Autonomous Vehicles Committee Shut Down

Apart from manufacturing, where automation is ubiquitous, autonomous vehicles are one of the most highly anticipated areas of real-world automation. Where the vast majority of robots in the news are proof of concept, early research, and likely to make a big difference in our lives someday, self-driving vehicles exist in the real world and could be a game changer any minute now.

This makes it somewhat surprising that the U.S. government’s committee on autonomous vehicles has been shut down. The Verge broke the news this week, reporting that some members they had reached out to hadn’t known the committee had been shut down until they heard it from the reporters.

You can watch their first and only meeting at the Department of Transportation’s website.

The official word of termination explains that the committee is inactive and “active stakeholder engagement is already underway.

The committee is therefore not needed.

The task force included experts from industry and academia. Congress has a page on autonomous vehicles that explains what has already been done about regulation for driverless cars and trucks.

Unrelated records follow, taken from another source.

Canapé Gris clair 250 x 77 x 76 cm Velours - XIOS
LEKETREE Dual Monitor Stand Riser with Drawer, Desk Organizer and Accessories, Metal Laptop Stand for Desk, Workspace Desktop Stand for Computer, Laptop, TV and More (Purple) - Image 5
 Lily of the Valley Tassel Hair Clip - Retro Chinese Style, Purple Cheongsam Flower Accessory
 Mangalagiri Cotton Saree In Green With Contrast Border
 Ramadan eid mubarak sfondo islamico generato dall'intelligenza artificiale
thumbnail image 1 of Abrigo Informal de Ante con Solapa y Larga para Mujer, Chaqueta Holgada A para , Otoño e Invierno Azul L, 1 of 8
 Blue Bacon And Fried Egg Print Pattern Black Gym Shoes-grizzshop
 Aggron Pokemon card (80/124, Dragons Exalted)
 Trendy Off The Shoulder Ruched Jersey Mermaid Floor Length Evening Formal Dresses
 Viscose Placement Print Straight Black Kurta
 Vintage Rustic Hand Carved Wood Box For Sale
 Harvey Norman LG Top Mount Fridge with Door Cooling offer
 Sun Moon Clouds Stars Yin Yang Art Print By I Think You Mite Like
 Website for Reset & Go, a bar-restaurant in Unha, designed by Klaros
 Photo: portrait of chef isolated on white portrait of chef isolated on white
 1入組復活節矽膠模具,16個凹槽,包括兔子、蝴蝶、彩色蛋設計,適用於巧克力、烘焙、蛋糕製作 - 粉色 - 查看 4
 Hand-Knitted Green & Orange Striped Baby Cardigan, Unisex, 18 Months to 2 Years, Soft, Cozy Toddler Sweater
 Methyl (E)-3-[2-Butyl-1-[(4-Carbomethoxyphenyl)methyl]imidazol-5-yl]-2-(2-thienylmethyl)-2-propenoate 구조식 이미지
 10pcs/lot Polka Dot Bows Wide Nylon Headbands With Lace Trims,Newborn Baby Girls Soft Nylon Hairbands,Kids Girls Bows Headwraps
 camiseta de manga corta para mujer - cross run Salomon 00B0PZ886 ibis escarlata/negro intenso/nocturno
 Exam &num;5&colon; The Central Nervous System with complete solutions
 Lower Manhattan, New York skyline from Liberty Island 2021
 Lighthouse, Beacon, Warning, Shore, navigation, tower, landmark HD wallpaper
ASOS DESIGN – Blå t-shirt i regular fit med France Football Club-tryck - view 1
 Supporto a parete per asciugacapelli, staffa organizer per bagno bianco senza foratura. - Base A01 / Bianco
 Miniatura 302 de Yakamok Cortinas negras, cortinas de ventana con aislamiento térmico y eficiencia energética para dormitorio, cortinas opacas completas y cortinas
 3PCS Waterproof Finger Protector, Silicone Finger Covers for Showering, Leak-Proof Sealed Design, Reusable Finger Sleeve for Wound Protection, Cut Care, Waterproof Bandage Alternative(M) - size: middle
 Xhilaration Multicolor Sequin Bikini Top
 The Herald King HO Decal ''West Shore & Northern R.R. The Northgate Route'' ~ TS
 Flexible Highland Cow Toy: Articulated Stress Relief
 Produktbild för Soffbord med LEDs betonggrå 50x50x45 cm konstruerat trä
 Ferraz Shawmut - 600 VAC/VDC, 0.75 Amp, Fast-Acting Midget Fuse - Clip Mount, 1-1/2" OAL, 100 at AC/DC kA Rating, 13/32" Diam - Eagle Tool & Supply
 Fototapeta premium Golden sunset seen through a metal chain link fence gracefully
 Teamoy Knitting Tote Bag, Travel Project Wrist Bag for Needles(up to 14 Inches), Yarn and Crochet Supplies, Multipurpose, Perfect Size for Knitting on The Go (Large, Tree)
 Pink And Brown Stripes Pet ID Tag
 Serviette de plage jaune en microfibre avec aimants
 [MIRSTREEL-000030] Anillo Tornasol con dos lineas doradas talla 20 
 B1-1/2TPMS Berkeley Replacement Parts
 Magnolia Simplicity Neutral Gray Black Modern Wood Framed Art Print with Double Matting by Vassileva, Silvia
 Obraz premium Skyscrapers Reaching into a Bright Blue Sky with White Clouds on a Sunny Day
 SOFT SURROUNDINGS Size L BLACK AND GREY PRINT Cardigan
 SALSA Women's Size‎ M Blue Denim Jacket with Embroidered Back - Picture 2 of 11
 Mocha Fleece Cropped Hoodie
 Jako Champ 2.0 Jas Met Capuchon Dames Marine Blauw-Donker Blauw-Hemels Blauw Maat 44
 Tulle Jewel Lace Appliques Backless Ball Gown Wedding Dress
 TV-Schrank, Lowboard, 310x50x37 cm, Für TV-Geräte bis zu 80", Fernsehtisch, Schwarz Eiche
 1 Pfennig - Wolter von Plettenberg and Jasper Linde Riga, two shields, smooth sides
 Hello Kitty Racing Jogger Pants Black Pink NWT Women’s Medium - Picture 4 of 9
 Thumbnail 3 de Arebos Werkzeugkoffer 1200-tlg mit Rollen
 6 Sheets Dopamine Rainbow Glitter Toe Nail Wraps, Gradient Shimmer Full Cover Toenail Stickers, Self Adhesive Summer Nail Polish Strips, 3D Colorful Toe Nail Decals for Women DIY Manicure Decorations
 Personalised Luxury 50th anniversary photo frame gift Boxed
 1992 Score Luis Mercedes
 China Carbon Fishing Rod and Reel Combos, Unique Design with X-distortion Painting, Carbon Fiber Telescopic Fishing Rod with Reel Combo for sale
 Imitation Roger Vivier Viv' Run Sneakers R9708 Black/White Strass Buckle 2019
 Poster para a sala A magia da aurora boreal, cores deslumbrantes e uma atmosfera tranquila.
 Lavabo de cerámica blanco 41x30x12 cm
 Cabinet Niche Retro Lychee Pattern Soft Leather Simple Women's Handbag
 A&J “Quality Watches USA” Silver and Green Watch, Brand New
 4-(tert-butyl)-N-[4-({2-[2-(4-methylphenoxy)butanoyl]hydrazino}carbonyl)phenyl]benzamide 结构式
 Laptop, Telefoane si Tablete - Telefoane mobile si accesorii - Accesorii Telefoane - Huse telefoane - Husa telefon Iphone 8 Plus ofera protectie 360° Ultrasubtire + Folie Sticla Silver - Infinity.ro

This page points out that different cities and states have already enacted regulations, and that this might make it hard to handle travel from one state to another if national rules don’t settle in soon.

14 states have at least introduced regulations for autonomous vehicles at this point.

Representatives from Google, which has self-driving cars on the street already, told a hearing of the U.S. Senate Committee on Commerce, Science and Transportation that a patchwork of state and city laws for autonomous vehicles would create an “unworkable situation” that could keep autonomous vehicles from being used in the United States.

Meanwhile, autonomous vehicles are already a game changer in warehouses and on loading docks.

Bosch, Rexroth’s parent company, is involved in autonomous vehicle development with BMW.